The comic is a grayscale comic, and judging by the visible overlap of the black ink, is likely inked by hand with brush pens. The other colors show some grain in them, and could either be done with markers or digitally with a textured overlay. Whether it was drawn traditionally or made to look like it was drawn traditionally, the texture on the page gives it more of a grit and natural look that fits the bleaker setting of the comic. The author also is fairly confident in their ability to let the art speak for itself, considering the use of pages with little to no dialogue.
Another thing I like about the comic is the creative uses of paneling and drawings from different angles and distances. For example, the first three panels here are set off from the rest of the page, and when the page loads, these three panels are the only ones visible. Rather than being arranged in neat rows and columns, the panels are askew and twisted in various angles, almost as if they were falling apart, setting up when things go crazy at the end when Flurry drags its owner back. This page shows closeups being used effectively to add emphasis and intensity to an already shocking image, and the last page does both creative paneling and well-chosen shots to not just tell the story, but add to the ambiguity of the ending. The emphasis on Flurry's eye looking off-panel in panel two gives the same sort of intensity of the previous linked page, and seeing that Flurry won't stop staring at its dead owner could be seen as loyalty or the standard programming of identifying a sick person until care is delivered. And the final two panels show Flurry's words gradually drowning in empty space, driving home the futility of its demands in a desolate world.
The art's not entirely perfect though. Some of the coloring goes outside of the lines sometimes, the hand-drawn panel borders aren't entirely straight and look wobbly in a way that doesn't look intentional, likely being drawn freehand. The last panel of the final page looks like it was drawn, then the empty space was filled in with the paint bucket in an art program, with the borders of the bubble still visible which diminishes its impact.
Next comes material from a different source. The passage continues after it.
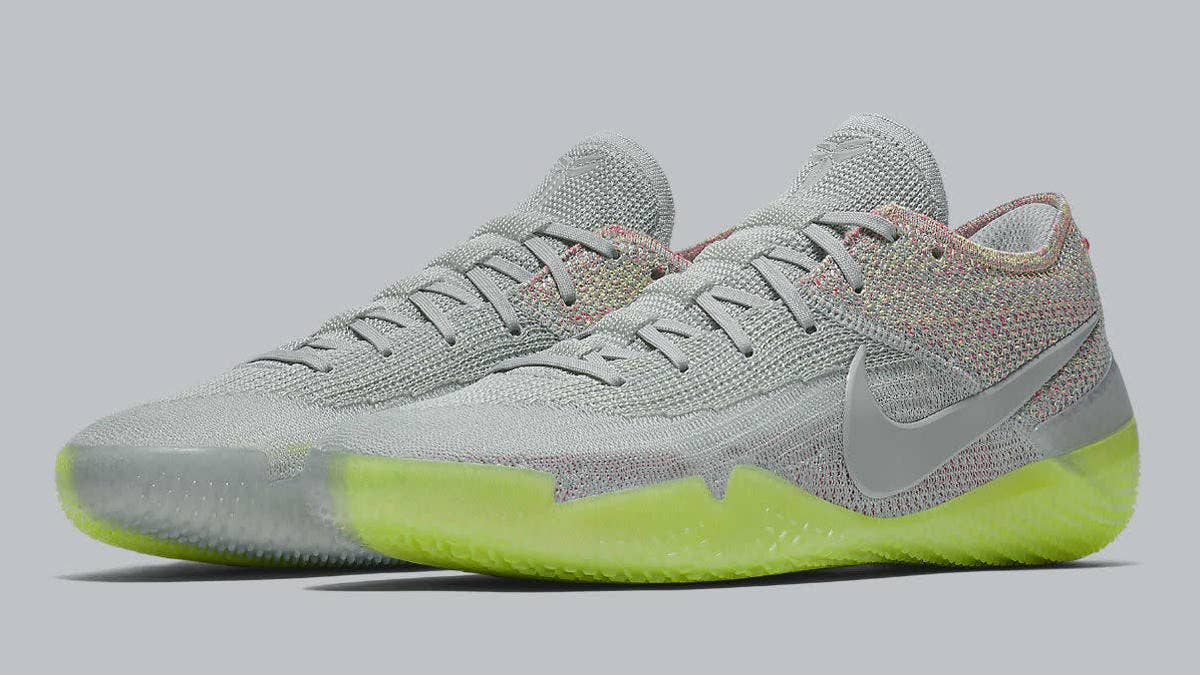 As its name suggests, the 'Multicolor' Nike Kobe A.D. features a grey and multicolor Flyknit upper, along with bright pink branding hits and a volt outsole.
Finally, an old pet peeve of mine, word balloon tails that don't point towards the speaker's mouths. Especially in the last example, where the second balloon in the second panel looks like it could be pointing to the man instead of Flurry, though it's clear that the man is dead. These are minor nitpicks in an otherwise well drawn comic though.
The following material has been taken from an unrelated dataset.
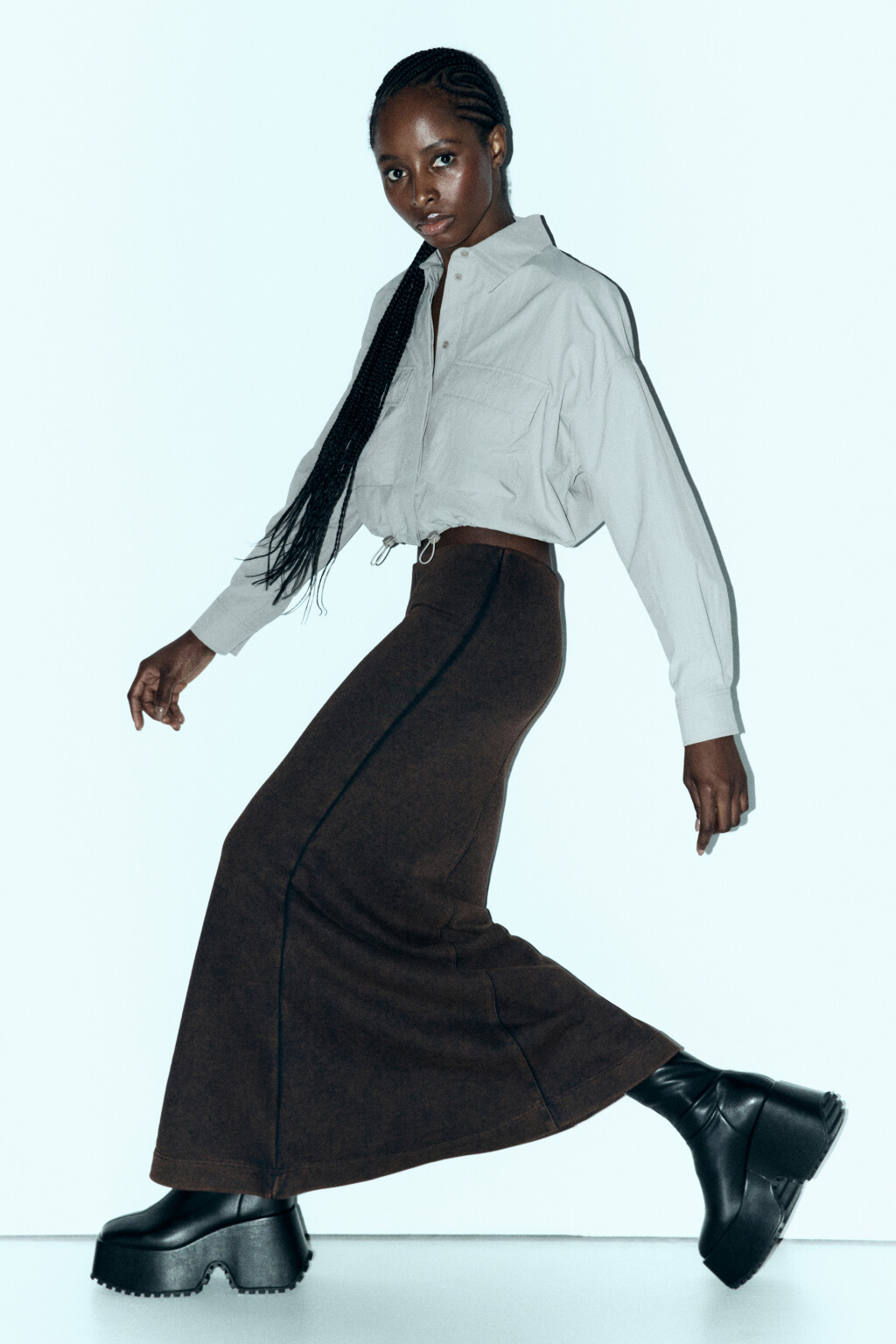 Юбка миди трикотажная с вареным эффектом - цвет коричневый - 1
The comic is short, but takes advantage of the limited space to act as a character piece about a robotic dog in a desolate post-apocalyptic setting, leaving the reader wondering if the dog is a loyal companion or just another machine in an uncaring world. The art is equally impressive, choosing shots and paneling that tells the story and set the tone of the story. Though there are some minor flaws in the art. If this were expanded out into a longer story or was part of some larger series, I wouldn't hesitate to read it.